● **TASK GOAL**
Each record is to be printed again exactly, though not its pictures.

● **SOURCE DATA**

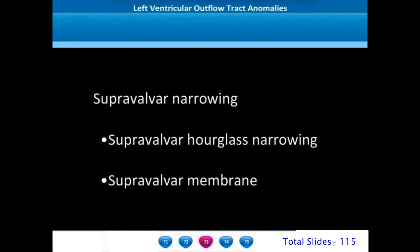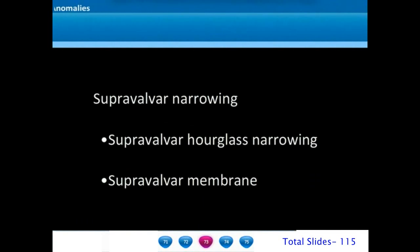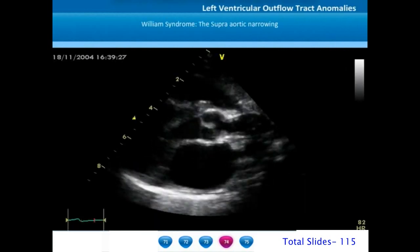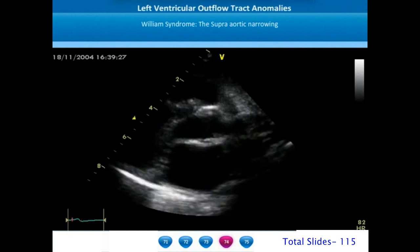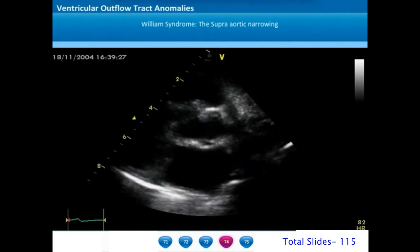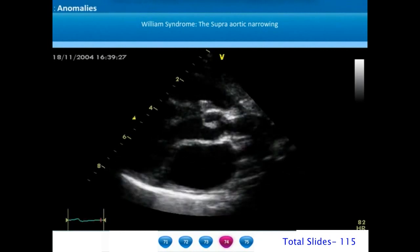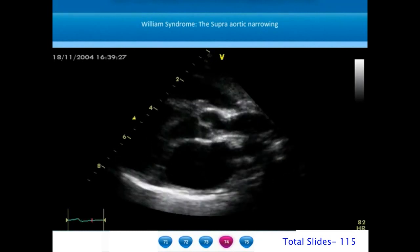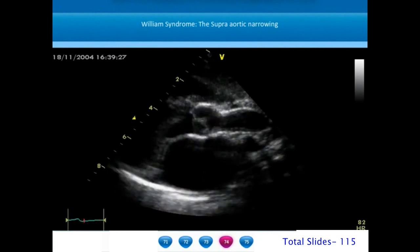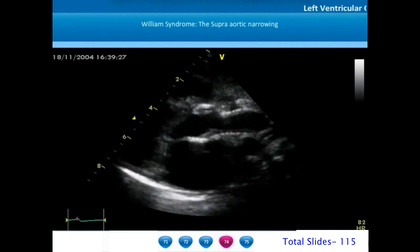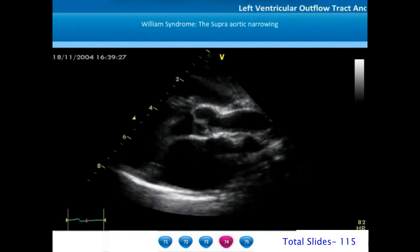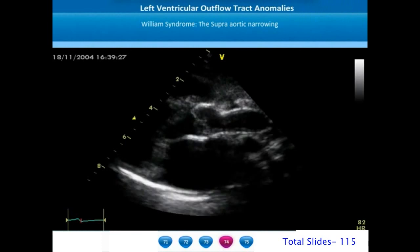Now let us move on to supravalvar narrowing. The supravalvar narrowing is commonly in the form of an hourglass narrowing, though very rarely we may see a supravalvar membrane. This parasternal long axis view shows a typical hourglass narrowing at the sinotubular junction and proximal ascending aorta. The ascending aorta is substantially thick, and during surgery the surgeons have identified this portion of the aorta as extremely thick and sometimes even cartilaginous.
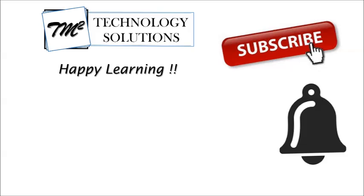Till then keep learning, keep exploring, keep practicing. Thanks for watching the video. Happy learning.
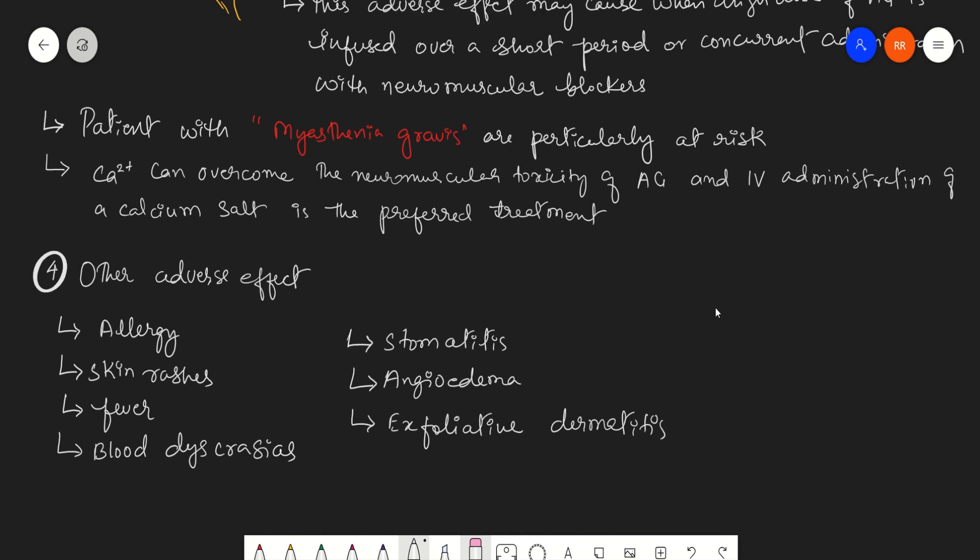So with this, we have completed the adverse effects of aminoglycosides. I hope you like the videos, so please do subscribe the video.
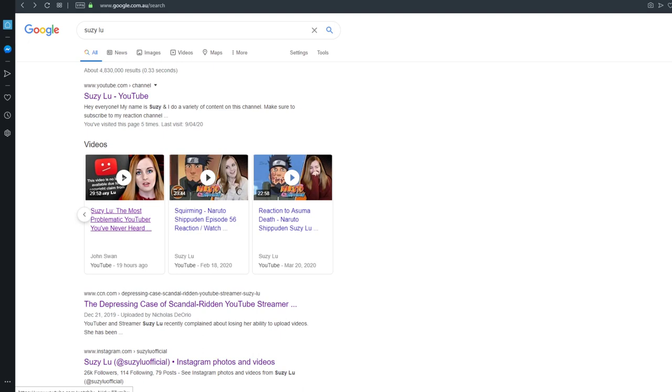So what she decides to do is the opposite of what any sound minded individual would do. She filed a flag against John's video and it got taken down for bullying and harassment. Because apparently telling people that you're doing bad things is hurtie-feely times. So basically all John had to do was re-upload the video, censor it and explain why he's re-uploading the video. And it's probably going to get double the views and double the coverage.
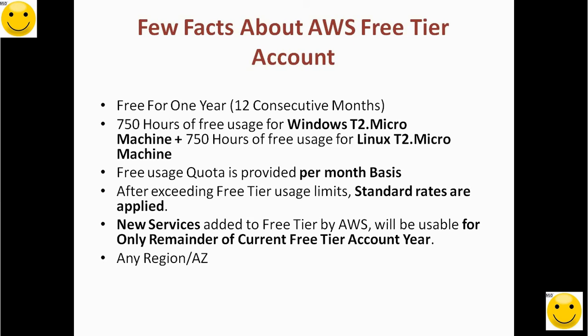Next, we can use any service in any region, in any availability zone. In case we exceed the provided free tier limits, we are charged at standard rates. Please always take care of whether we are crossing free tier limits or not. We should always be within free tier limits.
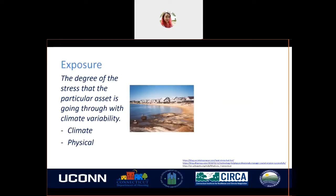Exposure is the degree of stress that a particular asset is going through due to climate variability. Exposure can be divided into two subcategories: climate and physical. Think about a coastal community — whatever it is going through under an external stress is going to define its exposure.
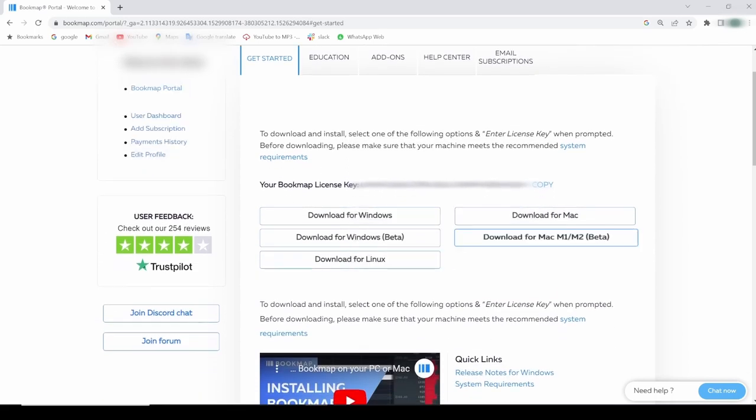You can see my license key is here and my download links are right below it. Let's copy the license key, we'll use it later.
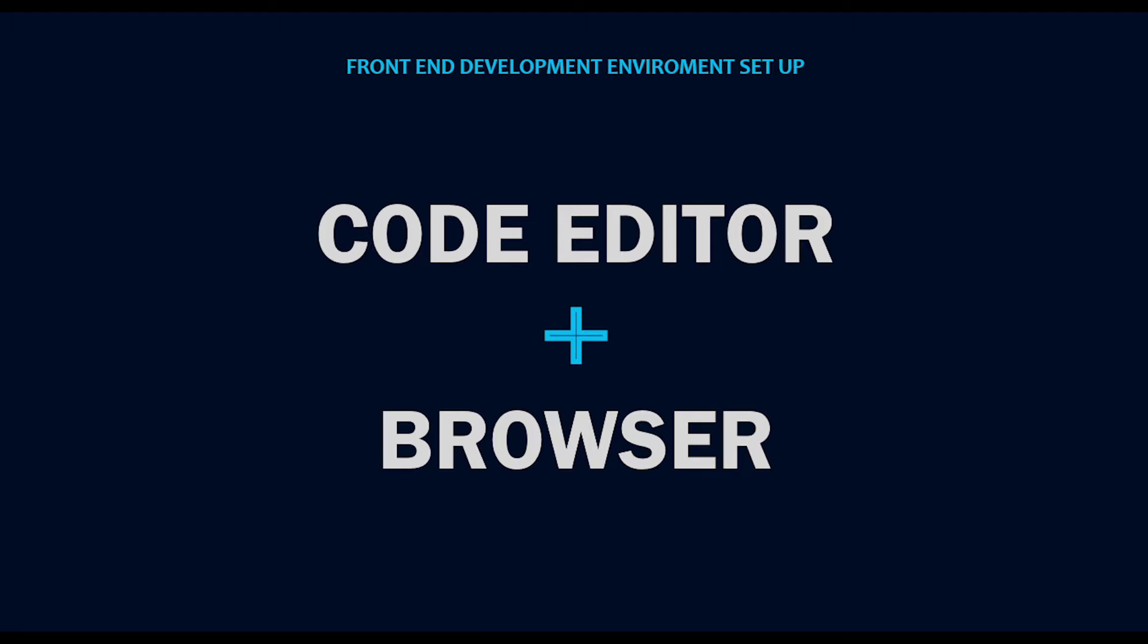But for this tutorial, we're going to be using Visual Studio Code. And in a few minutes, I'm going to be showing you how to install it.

● **OUTPUT FOR THIS EXERCISE**
Now let us move on to supravalvar narrowing. The supravalvar narrowing is commonly in the form of an hourglass narrowing, though very rarely we may see a supravalvar membrane. This parasternal long axis view shows a typical hourglass narrowing at the sinotubular junction and proximal ascending aorta. The ascending aorta is substantially thick, and during surgery the surgeons have identified this portion of the aorta as extremely thick and sometimes even cartilaginous.
Till then keep learning, keep exploring, keep practicing. Thanks for watching the video. Happy learning.
So with this, we have completed the adverse effects of aminoglycosides. I hope you like the videos, so please do subscribe the video.
So what she decides to do is the opposite of what any sound minded individual would do. She filed a flag against John's video and it got taken down for bullying and harassment. Because apparently telling people that you're doing bad things is hurtie-feely times. So basically all John had to do was re-upload the video, censor it and explain why he's re-uploading the video. And it's probably going to get double the views and double the coverage.
Next, we can use any service in any region, in any availability zone. In case we exceed the provided free tier limits, we are charged at standard rates. Please always take care of whether we are crossing free tier limits or not. We should always be within free tier limits.
Exposure is the degree of stress that a particular asset is going through due to climate variability. Exposure can be divided into two subcategories: climate and physical. Think about a coastal community — whatever it is going through under an external stress is going to define its exposure.
You can see my license key is here and my download links are right below it. Let's copy the license key, we'll use it later.
But for this tutorial, we're going to be using Visual Studio Code. And in a few minutes, I'm going to be showing you how to install it.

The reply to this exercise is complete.